Change doesn’t happen overnight. But it is our desire that these young men learn their relationship with God is a journey that will continue their entire lives; that their pasts do not have to affect their futures and that God does have a future and a purpose for them. As Paul writes in Philippians, Christ has begun a work in them that will continue until the day He returns.

With vision comes new dreams and new challenges. This house has been a blessing for us, but after three short years, we’ve outgrown it. It’s time to think bigger, to begin to develop a new dream. Even as I write that, it makes me smile. This all seemed HUGE to me when I started. Not only do we need a larger home, we need one that we can call our own. Essentially we’ve been renting here, and each year we have no idea if we’ll be able to continue to stay. There are hints in the air that this may be the last year the house is available. As well, for my personal well-being and health in ministry, I need a place of my own. Living here with the guys has been great, but as you can imagine, it can be taxing at times.
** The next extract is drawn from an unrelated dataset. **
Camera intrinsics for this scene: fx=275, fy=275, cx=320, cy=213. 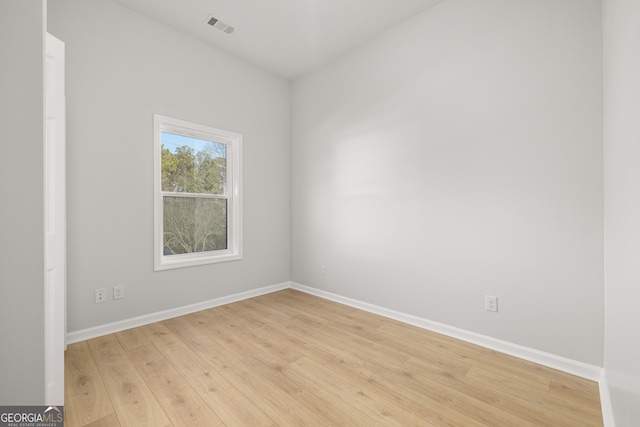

Our new dream? We’re initiating a building project. We would like to purchase a lot and build a house large enough for fifteen guys, with an attached apartment or house for me. Through some preliminary investigation, we’ve determined that this project will cost us in the neighbourhood of $150,000 to $200,000 USD. That seems like a lot of money (and it is), but at the same time, when I stepped out in faith three years ago, I had less that $1500 in my account. God provided the other $30,000 we needed. I have no doubt that He will continue to provide for us in this next step.

If you would like to partner with us, through a special gift or through monthly giving, to help with our building project or our monthly expenses, please contact me at ken.switzer@iteams.org . I would be pleased to provide you with more information on how you can be a part of this project.

Over lunch today, I asked one of the guys where he might be, if God hadn’t started this ministry. He was quiet for a moment and then he said that it wouldn’t be anywhere good. Then we talked about how powerful it could be, both to other street kids as well as to the people of Bolivia (who tend to treat street kids as a nuisance), if there was a growing group of young men who had once lived on the streets, but who were now strong and successful. How God could use their voices to bring hope and change attitudes. Imagine the impact that could have.